For the baseball team, it was a season of highs, lows and unexpected twists — of the knee, arm and other body parts.
Injuries were a major story for the Owls in 2008, but through the pain the team grinded out their most successful campaign in years.
When the dust settled over Skip Wilson Field, the Owls finished 27-29 overall and 16-11 in the Atlantic Ten Conference to qualify for the A-10 Tournament for the first time since 2002.
In their opening round game in Camden, N.J., the No. 4 Owls were disposed by No. 5 Rhode Island, 7-1, on May 21. The team bounced back later that day to defeat No. 6 Saint Bonaventure, 5-2, but lost to No. 3 Duquesne, 10-7, in an elimination game on May 22.
Despite their short stay in the A-10 Tournament, the Owls reached many notable benchmarks this season. The team set a program record with 16 conference wins, ultimately giving the Owls a solid fourth-place finish in the league standings. The 27 overall wins were the most since 1999, and nine more than last season.
Just two years ago, the Owls were 12-41, and the rapid improvement can be partially attested to the work of third-year coach Rob Valli.
“He was a huge impact,” said senior outfielder Stan Orzechowski. “He is a great recruiter and he does a great job with talking to the players and motivating the players.”

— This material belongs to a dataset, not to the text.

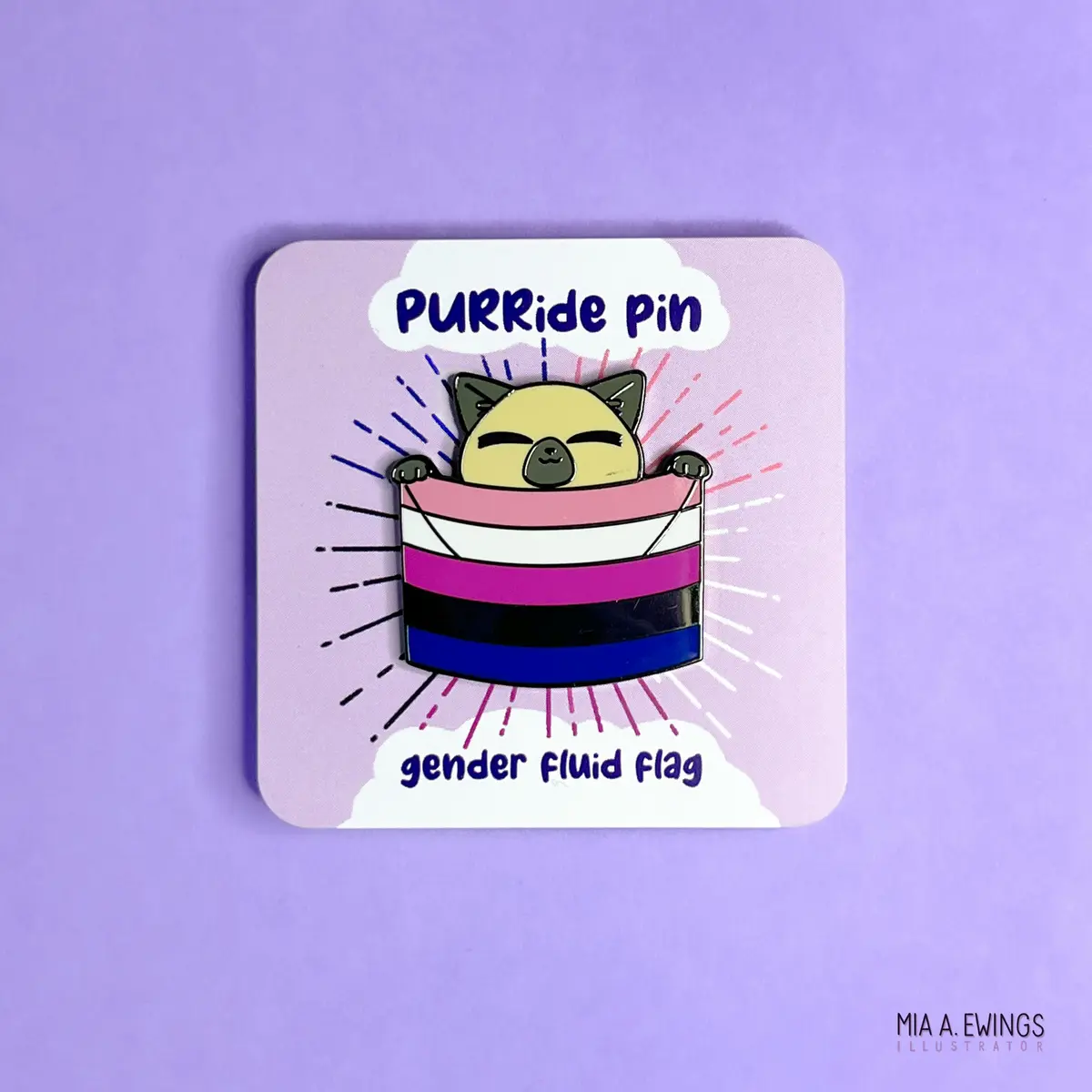 Gender Fluid Kitty Pin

With a slew of players missing action — including senior anchors Orzechowski, infielder Mike Kelch and pitcher Tom Dolan — Valli steadied the Owls clubhouse.
The Owls broke through against a ranked opponent on April 5, when they defeated No. 18 Charlotte, 5-2. Just weeks later, the Owls confidently swept a well-balanced Duquesne team in a three-game set at Skip Wilson Field.

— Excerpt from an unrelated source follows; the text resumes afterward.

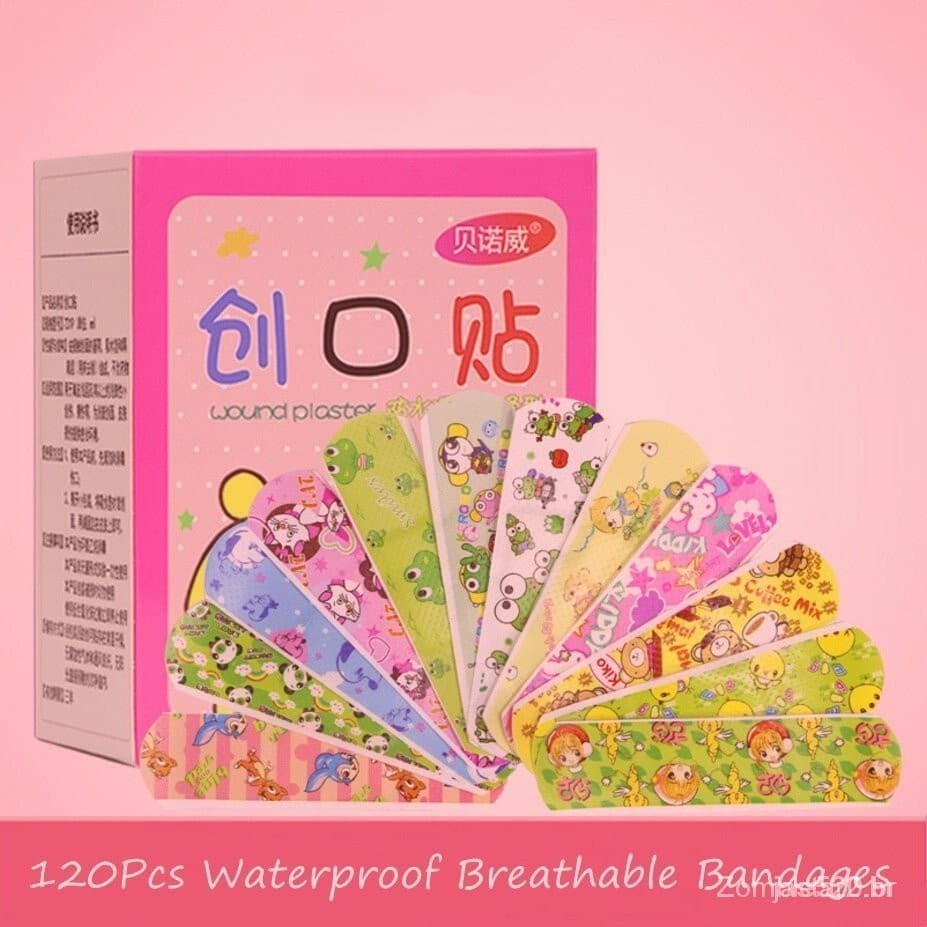2/120Pcs Waterproof Breathable Bandages Cute Cartoon Band Aid Hemostasis Adhesive Bandages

Even when playoff hopes appeared to be dashed, and a six-game losing streak weighed heavy in late April, hope survived. The Owls won five of their last seven games to stride into the A-10 Tournament for the first time in six years.
“Our coach said take it one game at a time, and don’t worry about tomorrow just worry about today, and that’s how we got back on track,” senior closer Arshwin Asjes said.
After a 2007 season that saw skyrocketing offensive numbers for the Owls, this year was about re-establishing the pitching staff.
Junior Matt Mongiardini led the starting rotation with six victories, and a 3.59 earned run average while his brother, senior Mike Mongiardini, added three wins and led the team in strikeouts with 43, despite arm trouble. Asjes stood tall in relief, garnering 10 saves.
Making noise for the Owls offense was freshman outfielder Byron McKoy. He led the team in batting average (.352), and slugging percentage (.511). McKoy was named to the A-10’s All Conference second team, as well as the All Rookie team.
Fellow team members were impressed with McKoy’s talent early on.
“When I saw Byron in the fall I knew he was special,” Orzechowski said. “He is one of the fastest kids I [have] ever seen in my life. I was truly impressed, but I wasn’t surprised,” he added.
Also sparking the offense was junior outfielder Sean Barksdale, who led the Owls with 47 RBIs and 27 stolen bases.
For the Owls, the small taste of postseason play will linger over the next few months and add incentive for another run next year. In two years, the team has climbed from 12 to 27 wins, and a group of young players continue to gain the experience their predecessors could not.
“I’m definitely not satisfied with the way the season ended,” Asjes said. “When the incoming freshmen come in the fall and get to work early, set the goal that this year you don’t want to lose in the A-10s.”